→ TASK INSTRUCTIONS
The response must match the data below exactly, line for line.
TASK DATA: Begin
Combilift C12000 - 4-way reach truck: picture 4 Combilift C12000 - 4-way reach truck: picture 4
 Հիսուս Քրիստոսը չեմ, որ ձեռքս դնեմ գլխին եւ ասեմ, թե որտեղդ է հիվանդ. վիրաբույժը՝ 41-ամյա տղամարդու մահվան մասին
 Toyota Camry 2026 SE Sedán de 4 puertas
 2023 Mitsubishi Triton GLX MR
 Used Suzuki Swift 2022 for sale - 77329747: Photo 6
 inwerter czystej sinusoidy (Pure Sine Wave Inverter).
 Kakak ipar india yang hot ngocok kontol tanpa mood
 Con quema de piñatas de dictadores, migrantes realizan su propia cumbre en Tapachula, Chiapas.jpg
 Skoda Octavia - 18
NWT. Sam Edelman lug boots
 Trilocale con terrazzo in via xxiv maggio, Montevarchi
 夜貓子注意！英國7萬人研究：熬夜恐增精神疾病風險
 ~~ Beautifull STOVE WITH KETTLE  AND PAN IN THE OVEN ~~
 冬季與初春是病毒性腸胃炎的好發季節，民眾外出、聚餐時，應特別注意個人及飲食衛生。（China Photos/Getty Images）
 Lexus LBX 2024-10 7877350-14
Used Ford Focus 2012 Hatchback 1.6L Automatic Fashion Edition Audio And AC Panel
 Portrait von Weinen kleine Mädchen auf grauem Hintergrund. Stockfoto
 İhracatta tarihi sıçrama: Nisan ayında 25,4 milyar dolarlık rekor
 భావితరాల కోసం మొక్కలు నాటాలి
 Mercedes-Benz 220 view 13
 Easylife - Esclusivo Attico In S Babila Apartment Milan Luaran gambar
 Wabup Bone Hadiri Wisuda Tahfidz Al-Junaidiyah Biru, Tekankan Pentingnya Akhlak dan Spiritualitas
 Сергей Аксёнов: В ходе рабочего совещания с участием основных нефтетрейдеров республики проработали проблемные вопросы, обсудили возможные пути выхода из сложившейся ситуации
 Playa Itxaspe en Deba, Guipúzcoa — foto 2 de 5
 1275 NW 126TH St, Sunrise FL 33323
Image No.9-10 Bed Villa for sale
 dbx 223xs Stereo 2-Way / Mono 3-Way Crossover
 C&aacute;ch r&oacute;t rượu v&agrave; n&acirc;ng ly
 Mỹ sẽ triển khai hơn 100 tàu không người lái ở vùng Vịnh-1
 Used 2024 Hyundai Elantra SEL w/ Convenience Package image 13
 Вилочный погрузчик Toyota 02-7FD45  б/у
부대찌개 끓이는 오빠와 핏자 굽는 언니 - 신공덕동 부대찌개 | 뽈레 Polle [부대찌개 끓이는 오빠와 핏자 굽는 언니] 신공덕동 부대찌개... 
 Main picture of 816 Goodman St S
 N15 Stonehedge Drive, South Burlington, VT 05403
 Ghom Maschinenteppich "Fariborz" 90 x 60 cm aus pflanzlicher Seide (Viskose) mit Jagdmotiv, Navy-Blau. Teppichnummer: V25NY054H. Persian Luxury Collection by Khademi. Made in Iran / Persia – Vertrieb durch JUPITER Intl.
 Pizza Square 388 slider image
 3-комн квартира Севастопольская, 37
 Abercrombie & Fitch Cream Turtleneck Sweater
TASK DATA: End
→ YOUR RESPONSE
Combilift C12000 - 4-way reach truck: picture 4 Combilift C12000 - 4-way reach truck: picture 4
 Հիսուս Քրիստոսը չեմ, որ ձեռքս դնեմ գլխին եւ ասեմ, թե որտեղդ է հիվանդ. վիրաբույժը՝ 41-ամյա տղամարդու մահվան մասին
 Toyota Camry 2026 SE Sedán de 4 puertas
 2023 Mitsubishi Triton GLX MR
 Used Suzuki Swift 2022 for sale - 77329747: Photo 6
 inwerter czystej sinusoidy (Pure Sine Wave Inverter).
 Kakak ipar india yang hot ngocok kontol tanpa mood
 Con quema de piñatas de dictadores, migrantes realizan su propia cumbre en Tapachula, Chiapas.jpg
 Skoda Octavia - 18
NWT. Sam Edelman lug boots
 Trilocale con terrazzo in via xxiv maggio, Montevarchi
 夜貓子注意！英國7萬人研究：熬夜恐增精神疾病風險
 ~~ Beautifull STOVE WITH KETTLE  AND PAN IN THE OVEN ~~
 冬季與初春是病毒性腸胃炎的好發季節，民眾外出、聚餐時，應特別注意個人及飲食衛生。（China Photos/Getty Images）
 Lexus LBX 2024-10 7877350-14
Used Ford Focus 2012 Hatchback 1.6L Automatic Fashion Edition Audio And AC Panel
 Portrait von Weinen kleine Mädchen auf grauem Hintergrund. Stockfoto
 İhracatta tarihi sıçrama: Nisan ayında 25,4 milyar dolarlık rekor
 భావితరాల కోసం మొక్కలు నాటాలి
 Mercedes-Benz 220 view 13
 Easylife - Esclusivo Attico In S Babila Apartment Milan Luaran gambar
 Wabup Bone Hadiri Wisuda Tahfidz Al-Junaidiyah Biru, Tekankan Pentingnya Akhlak dan Spiritualitas
 Сергей Аксёнов: В ходе рабочего совещания с участием основных нефтетрейдеров республики проработали проблемные вопросы, обсудили возможные пути выхода из сложившейся ситуации
 Playa Itxaspe en Deba, Guipúzcoa — foto 2 de 5
 1275 NW 126TH St, Sunrise FL 33323
Image No.9-10 Bed Villa for sale
 dbx 223xs Stereo 2-Way / Mono 3-Way Crossover
 C&aacute;ch r&oacute;t rượu v&agrave; n&acirc;ng ly
 Mỹ sẽ triển khai hơn 100 tàu không người lái ở vùng Vịnh-1
 Used 2024 Hyundai Elantra SEL w/ Convenience Package image 13
 Вилочный погрузчик Toyota 02-7FD45  б/у
부대찌개 끓이는 오빠와 핏자 굽는 언니 - 신공덕동 부대찌개 | 뽈레 Polle [부대찌개 끓이는 오빠와 핏자 굽는 언니] 신공덕동 부대찌개... 
 Main picture of 816 Goodman St S
 N15 Stonehedge Drive, South Burlington, VT 05403
 Ghom Maschinenteppich "Fariborz" 90 x 60 cm aus pflanzlicher Seide (Viskose) mit Jagdmotiv, Navy-Blau. Teppichnummer: V25NY054H. Persian Luxury Collection by Khademi. Made in Iran / Persia – Vertrieb durch JUPITER Intl.
 Pizza Square 388 slider image
 3-комн квартира Севастопольская, 37
 Abercrombie & Fitch Cream Turtleneck Sweater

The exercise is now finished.